Alla sezione “servizi”, tra le voci ci sono i “Pacchetti per la surrogata”. In effetti sono due, uno All Inclusive Standard, con «attesa prevista di circa un anno», al costo di 39.900 euro e un «All Inclusive Vip», con attesa ridotta a quattro mesi e prezzo più alto, 64.900 euro. Come ogni pacchetto che si rispetti per l’acquisto ci un prodotto c’è l’elenco delle voci incluse nel prezzo. Il pacchetto standard comprende: «Test medici e controlli per tutti i partecipanti al programma (genitori d’intenzione, surrogata e donatrice), illimitati cicli di fecondazione assistita, monitoraggio della gravidanza, esame per rilevare possibili anomalie genetiche, supporto legale e pratiche burocratiche che comprendono contratto di surrogazione, supporto nell’ottenimento del certificato di nascita per il bambino, documenti di viaggio per lasciare il Paese, trasporto, vitto, alloggio in una stanza di hotel, smartphone e carta Sim dedicata». Non è quindi l’intera somma ad essere versata alla cosiddetta mamma surrogata ma ovviamente solo una parte di quei 39.500 euro vanno a lei. Quanto non è dato sapere, di certo si tratta di uno sfruttamento a pagamento. Lasciamo al lettore la visione di quello che comprende il pacchetto Vip, perché vedere il sito è un bagno di realtà per capire che cosa sia realmente questa pratica.
E’ infatti tutto alla luce del sole, sul sito, sui profili Facebook e Instagram dell’agenzia BioTexCom, ma anche di altre agenzie del Paese tra cui la Feskov. Nonostante gli articoli di giornale, gli impedimenti dei viaggi causa Covid e nonostante l’appello dei vescovi ucraini che ribadiscono: «Nessuna circostanza può giustificare la pratica della maternità surrogata».

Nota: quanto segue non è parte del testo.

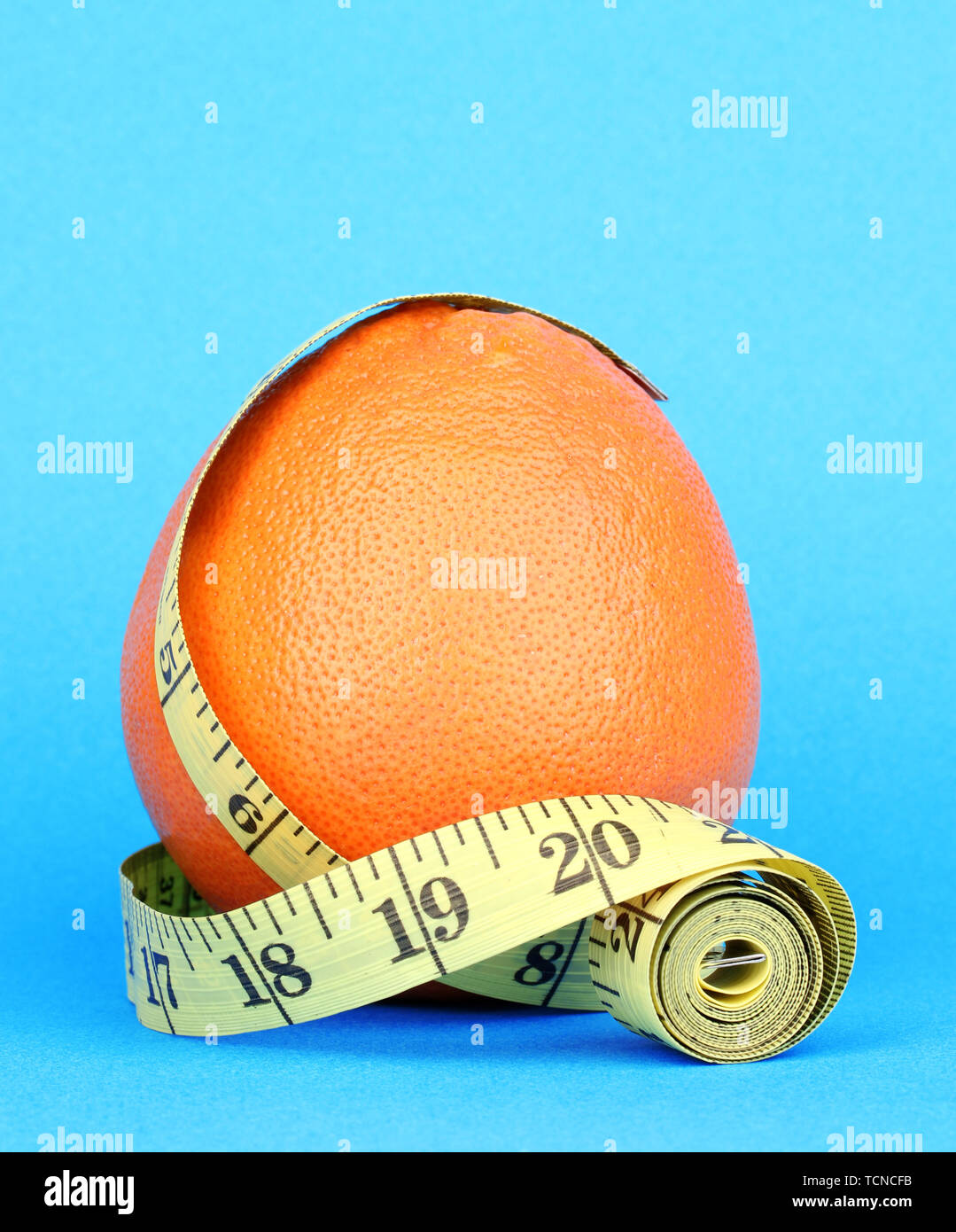 https://c8.alamy.com/comp/TCNCFB/orange-with-measuring-tape-on-blue-background-TCNCFB.jpg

Peccato che questo in Italia non lo abbia detto nessuno, nessuna istituzione s’intende. Perché è vero che la pratica al momento nel nostro Paese è illegale, ma è altrettanto vero che le numerose voci che si sono levate, queste sì, dal premier Conte al Capo dello Stato Mattarella, da Spadafora a Fico passando per i ministri Gualtieri, Bonetti e Catalfo in occasione della “giornata per la lotta all’omofobia”, domenica scorsa, sembrano andare decisamente in direzione opposta. Il ministro Bonetti ha dichiarato «La ripartenza del nostro Paese passa attraverso anche la rimozione di tutti gli ostacoli che oggi impediscono di garantire uguali diritti per tutti». Di quali diritti negati parla? Risponde prontamente Repubblica che nell’edizione di domenica pubblica nuovamente la storia di Carlo Tumino e Christian De Florio che con l’utero in affitto hanno ottenuto due bimbi nati in California. Nell’articolo nessun riferimento al costo della pratica dell’utero in affitto, allo sfruttamento del corpo della donna, ai bimbi morti in fase embrionale nei processi di fecondazione assistita e poi buttati via. Solo fotografie di baci, e racconti alla “love is love”. Ecco perché le cliniche come BioTexCom continuano ad operare alla luce del sole.